• [YOUR GOAL]: Line by line, the data below should be set down unchanged, with images excluded.

• [COLLECTED MATERIAL]:
☆ ☆ ☆ ☆

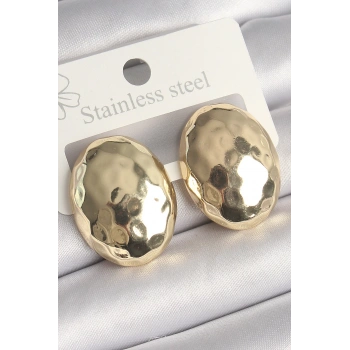 Pirinç Gold Renk İşlemeli Bombe Oval Model Kadın Küpe - TJ-BKP10255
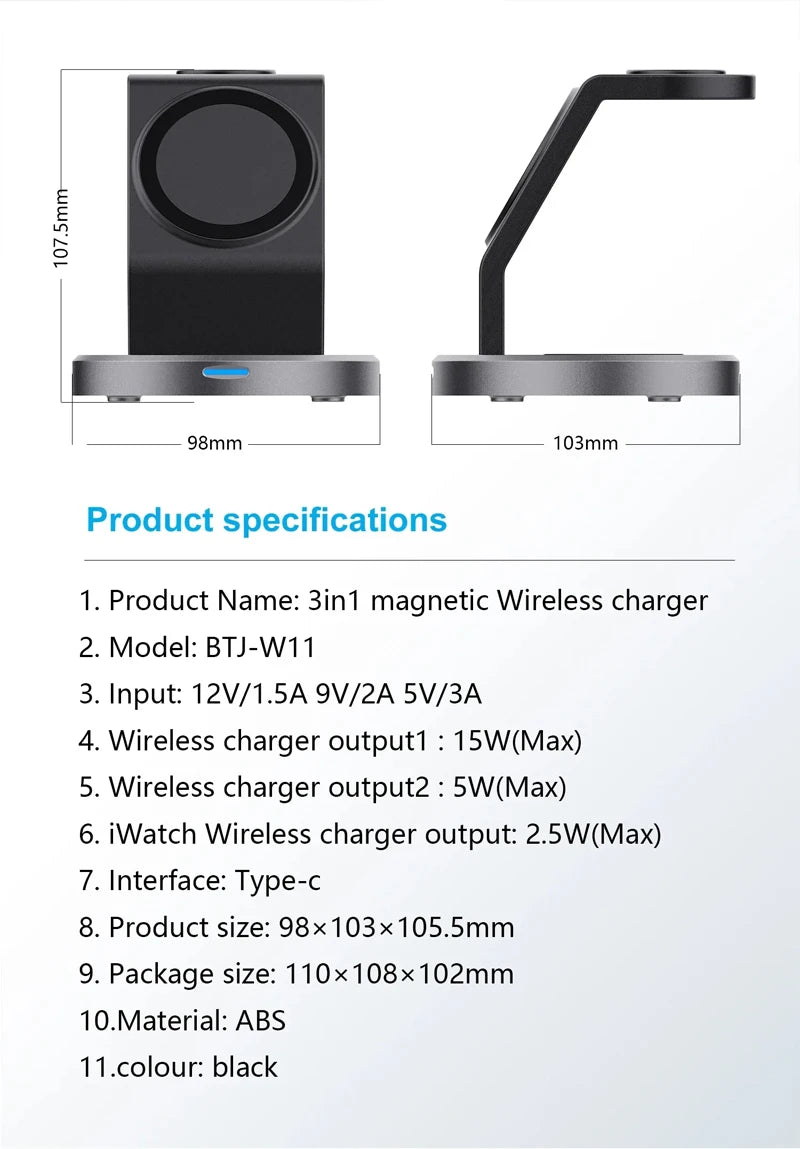 Shopdroplo 3 In 1 Magnetic Wireless Charger Stand For iPhone, iWatch & AirPods – MagSafe Fast Charging Station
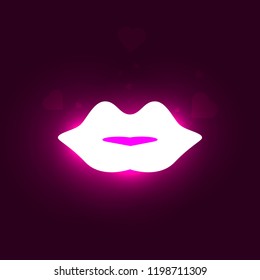 Lips silhouette on dark background with neon light effects. App icon. Vector illustration.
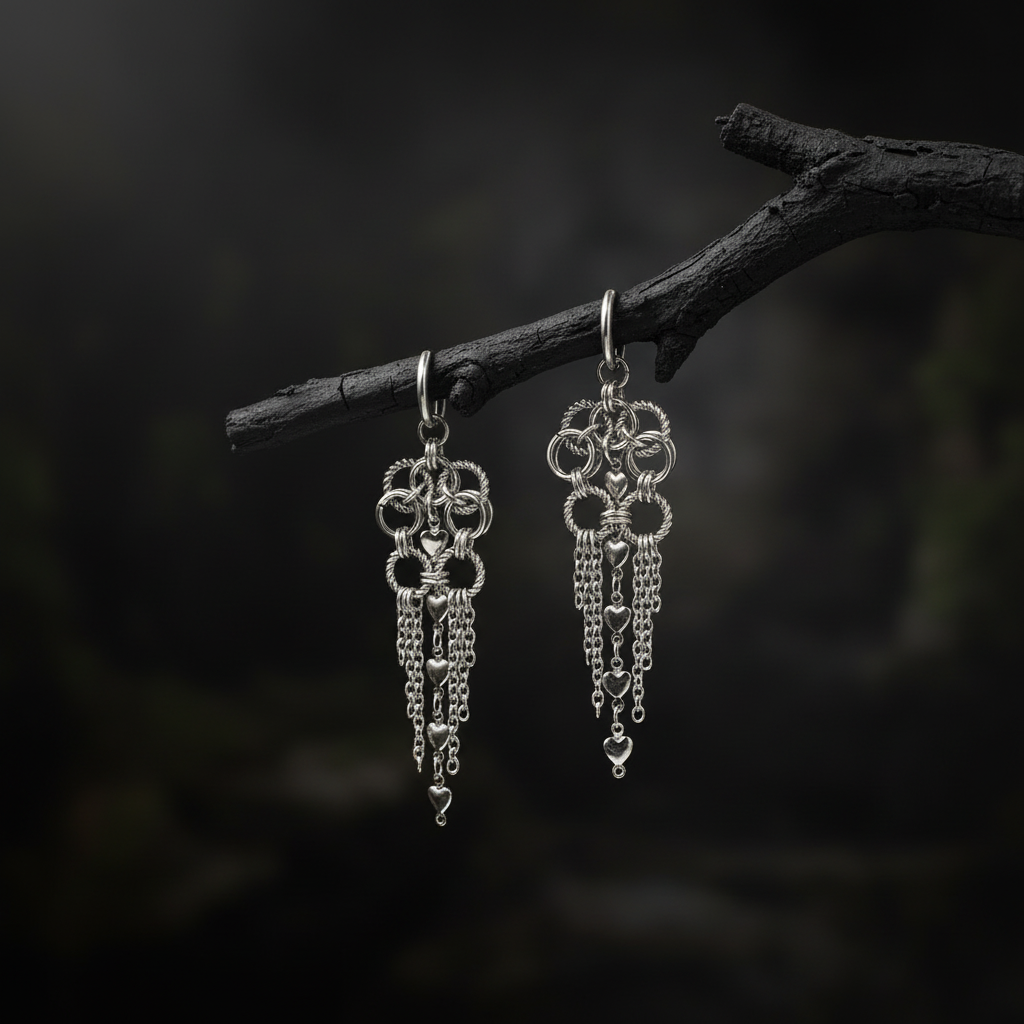 Heart Drop Chainmaille Earrings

☆ ☆ ☆ ☆

• [WRITTEN SOLUTION]:
 Pirinç Gold Renk İşlemeli Bombe Oval Model Kadın Küpe - TJ-BKP10255
 Shopdroplo 3 In 1 Magnetic Wireless Charger Stand For iPhone, iWatch & AirPods – MagSafe Fast Charging Station
 Lips silhouette on dark background with neon light effects. App icon. Vector illustration.
 Heart Drop Chainmaille Earrings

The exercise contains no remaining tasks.